▶ _Assigned task_: Word for word, return every record.

▶ _Material for this task_:
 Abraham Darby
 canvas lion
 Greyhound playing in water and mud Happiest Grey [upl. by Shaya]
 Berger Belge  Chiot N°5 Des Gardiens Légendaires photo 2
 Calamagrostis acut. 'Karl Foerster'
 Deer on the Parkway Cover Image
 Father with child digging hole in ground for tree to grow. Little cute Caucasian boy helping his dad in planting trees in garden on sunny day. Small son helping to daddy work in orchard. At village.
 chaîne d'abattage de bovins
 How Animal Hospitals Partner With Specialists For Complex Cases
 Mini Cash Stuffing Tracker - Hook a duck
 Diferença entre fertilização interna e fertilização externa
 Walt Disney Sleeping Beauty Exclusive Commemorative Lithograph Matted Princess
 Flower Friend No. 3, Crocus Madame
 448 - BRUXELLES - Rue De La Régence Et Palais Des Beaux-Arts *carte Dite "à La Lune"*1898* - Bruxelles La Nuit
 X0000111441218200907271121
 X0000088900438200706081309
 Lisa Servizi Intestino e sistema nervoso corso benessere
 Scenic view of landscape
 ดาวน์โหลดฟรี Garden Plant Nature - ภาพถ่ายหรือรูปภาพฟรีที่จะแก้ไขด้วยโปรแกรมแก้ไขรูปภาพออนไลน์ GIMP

▶ _Solved exercise_:
 Abraham Darby
 canvas lion
 Greyhound playing in water and mud Happiest Grey [upl. by Shaya]
 Berger Belge  Chiot N°5 Des Gardiens Légendaires photo 2
 Calamagrostis acut. 'Karl Foerster'
 Deer on the Parkway Cover Image
 Father with child digging hole in ground for tree to grow. Little cute Caucasian boy helping his dad in planting trees in garden on sunny day. Small son helping to daddy work in orchard. At village.
 chaîne d'abattage de bovins
 How Animal Hospitals Partner With Specialists For Complex Cases
 Mini Cash Stuffing Tracker - Hook a duck
 Diferença entre fertilização interna e fertilização externa
 Walt Disney Sleeping Beauty Exclusive Commemorative Lithograph Matted Princess
 Flower Friend No. 3, Crocus Madame
 448 - BRUXELLES - Rue De La Régence Et Palais Des Beaux-Arts *carte Dite "à La Lune"*1898* - Bruxelles La Nuit
 X0000111441218200907271121
 X0000088900438200706081309
 Lisa Servizi Intestino e sistema nervoso corso benessere
 Scenic view of landscape
 ดาวน์โหลดฟรี Garden Plant Nature - ภาพถ่ายหรือรูปภาพฟรีที่จะแก้ไขด้วยโปรแกรมแก้ไขรูปภาพออนไลน์ GIMP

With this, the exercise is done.